**What is expected**
Starting with the line that has "Drevy Bar Stools" in the records below and stopping after the line that has "Vue aérienne de", output every line exactly and nothing else; skip pictures.

**Information supplied**

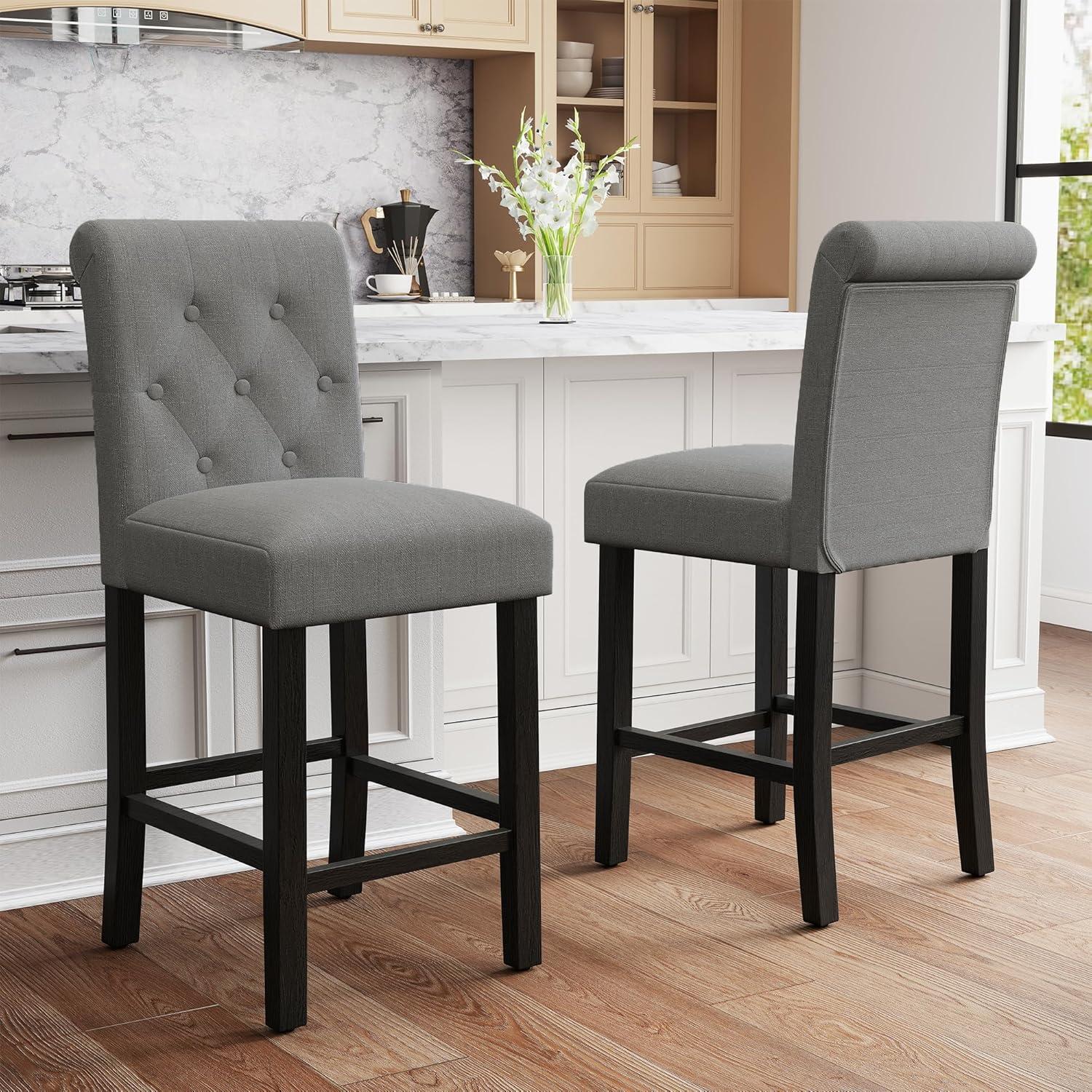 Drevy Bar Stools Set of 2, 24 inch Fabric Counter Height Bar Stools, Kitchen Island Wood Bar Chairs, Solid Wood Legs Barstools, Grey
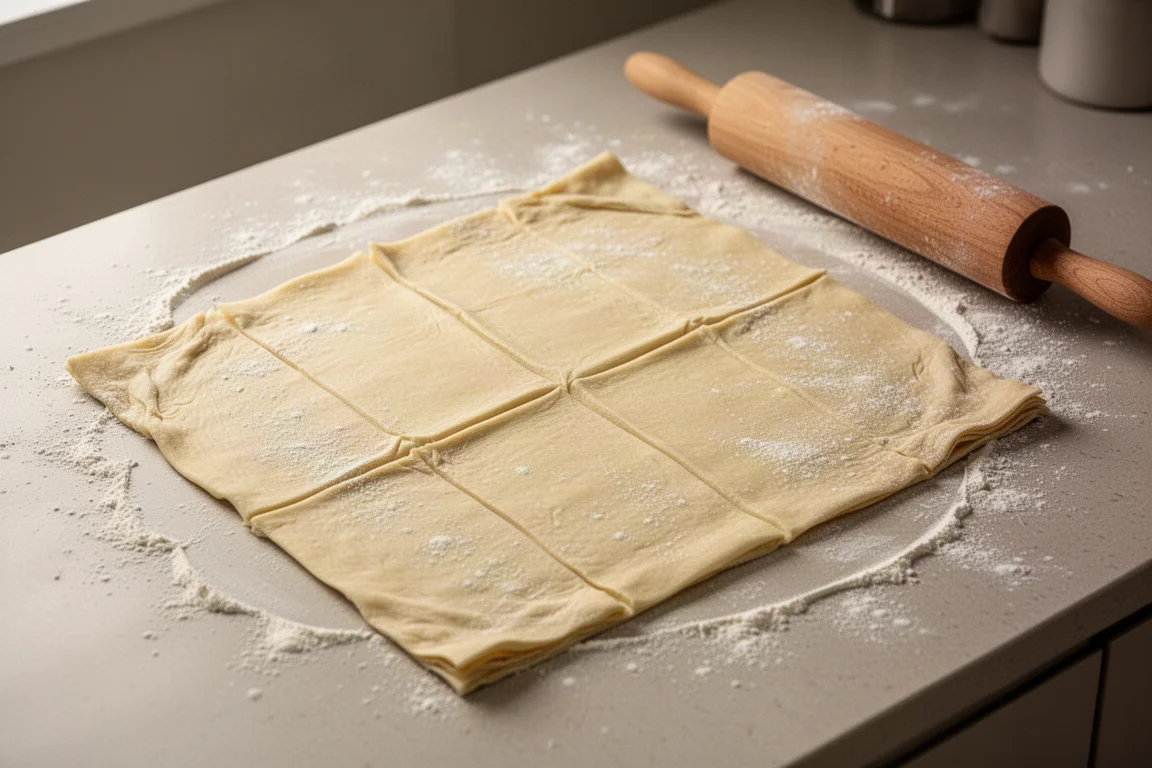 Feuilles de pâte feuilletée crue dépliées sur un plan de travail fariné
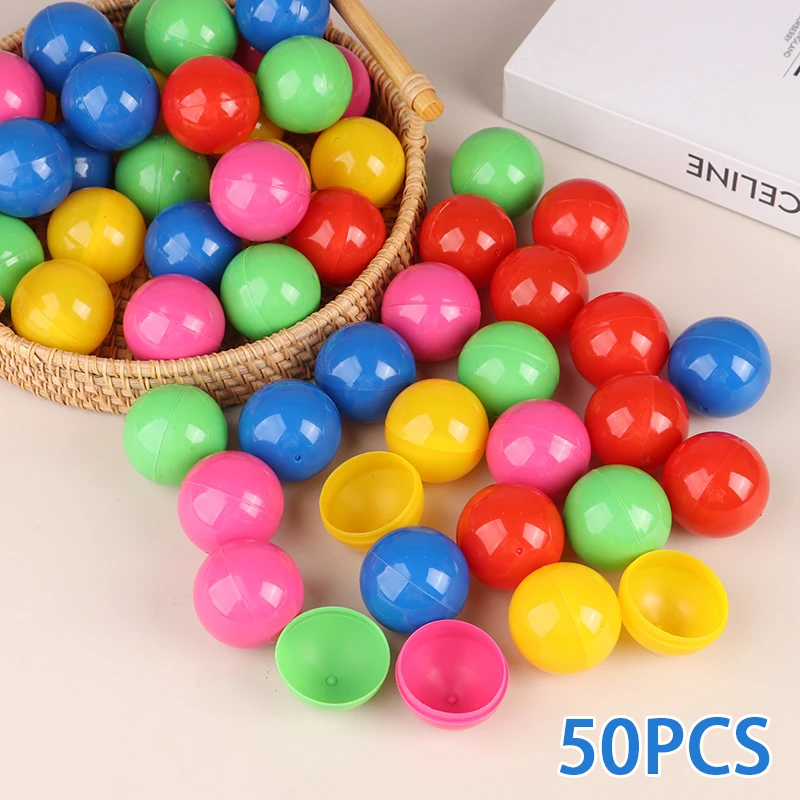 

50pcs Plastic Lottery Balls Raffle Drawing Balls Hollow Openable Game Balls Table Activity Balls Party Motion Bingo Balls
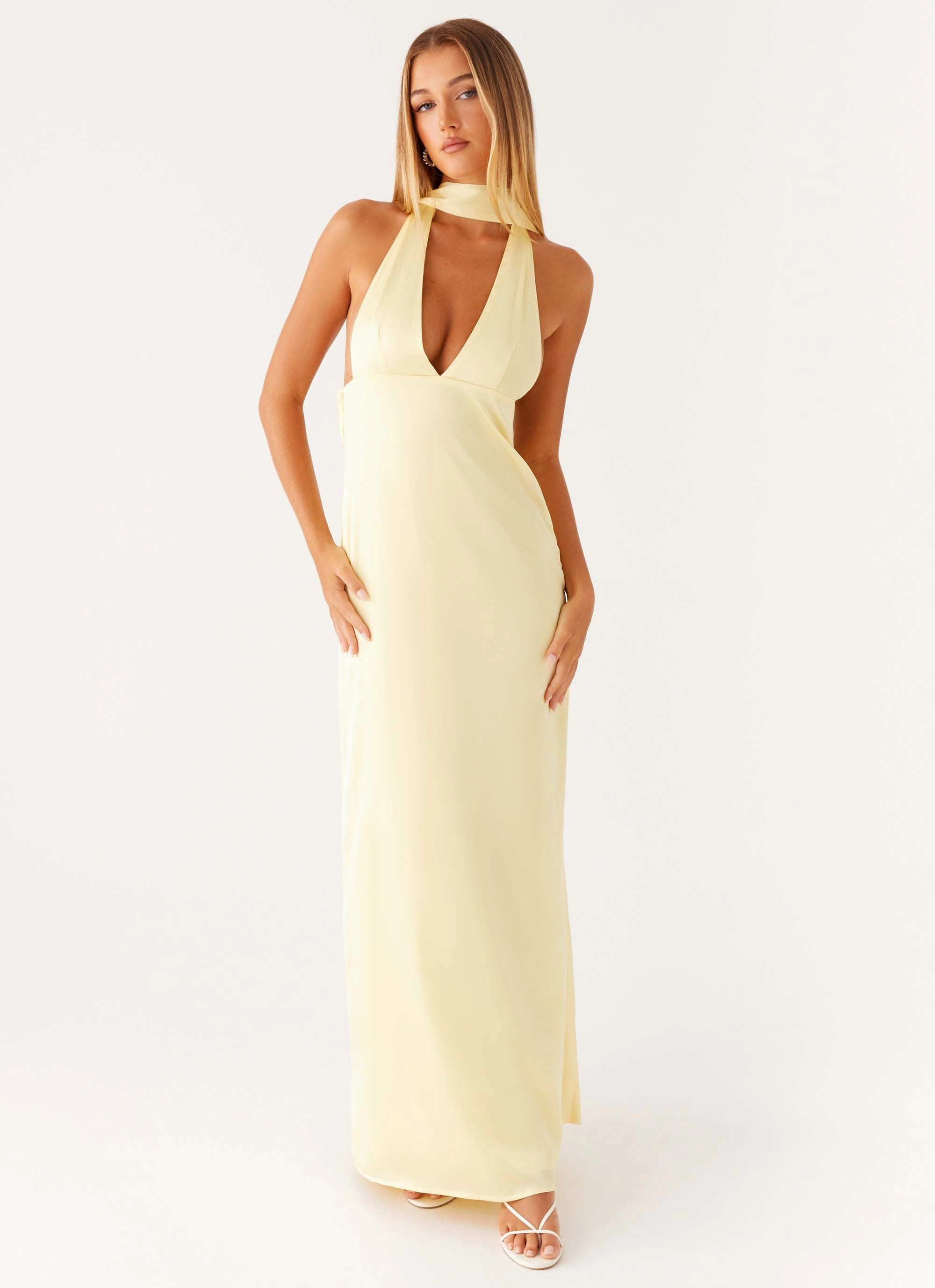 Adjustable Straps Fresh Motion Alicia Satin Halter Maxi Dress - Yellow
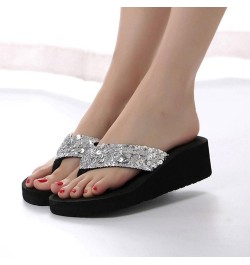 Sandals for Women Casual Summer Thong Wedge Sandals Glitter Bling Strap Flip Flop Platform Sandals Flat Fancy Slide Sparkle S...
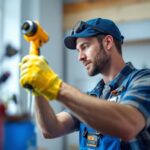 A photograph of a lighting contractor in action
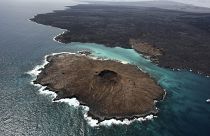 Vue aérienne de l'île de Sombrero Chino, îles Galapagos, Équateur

--

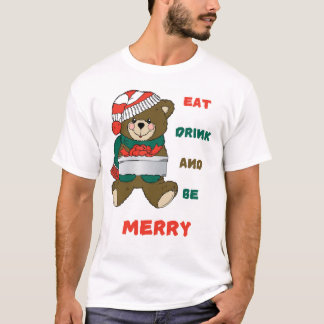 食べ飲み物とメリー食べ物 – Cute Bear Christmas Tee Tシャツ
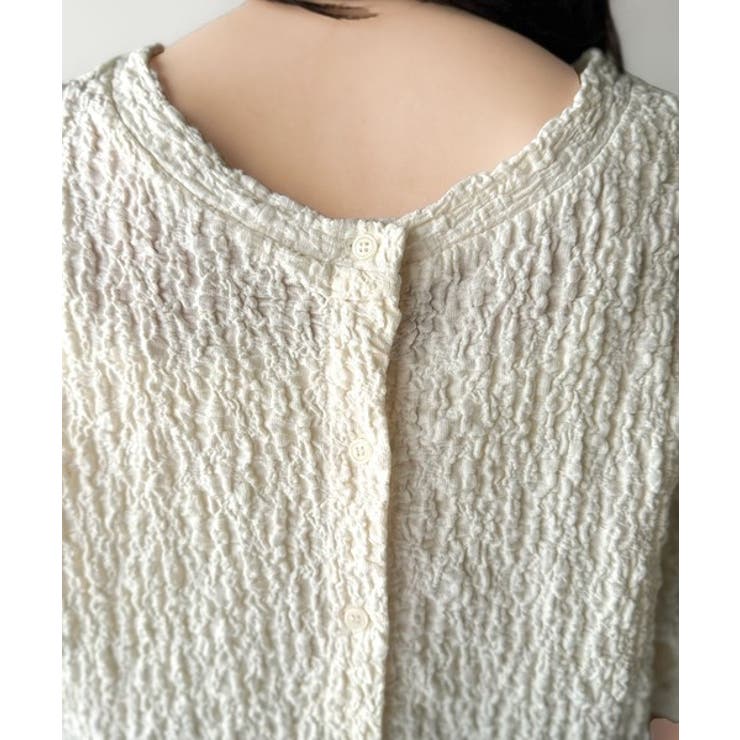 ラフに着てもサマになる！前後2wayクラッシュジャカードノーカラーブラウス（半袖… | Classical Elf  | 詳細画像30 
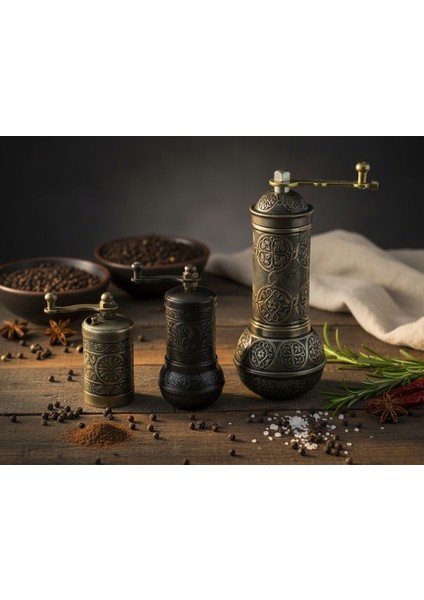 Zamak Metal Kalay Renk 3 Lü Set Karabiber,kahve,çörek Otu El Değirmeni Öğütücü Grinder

**Exercise result**
 Drevy Bar Stools Set of 2, 24 inch Fabric Counter Height Bar Stools, Kitchen Island Wood Bar Chairs, Solid Wood Legs Barstools, Grey
 Feuilles de pâte feuilletée crue dépliées sur un plan de travail fariné

50pcs Plastic Lottery Balls Raffle Drawing Balls Hollow Openable Game Balls Table Activity Balls Party Motion Bingo Balls
 Adjustable Straps Fresh Motion Alicia Satin Halter Maxi Dress - Yellow
 Sandals for Women Casual Summer Thong Wedge Sandals Glitter Bling Strap Flip Flop Platform Sandals Flat Fancy Slide Sparkle S...
 A photograph of a lighting contractor in action
 Vue aérienne de l'île de Sombrero Chino, îles Galapagos, Équateur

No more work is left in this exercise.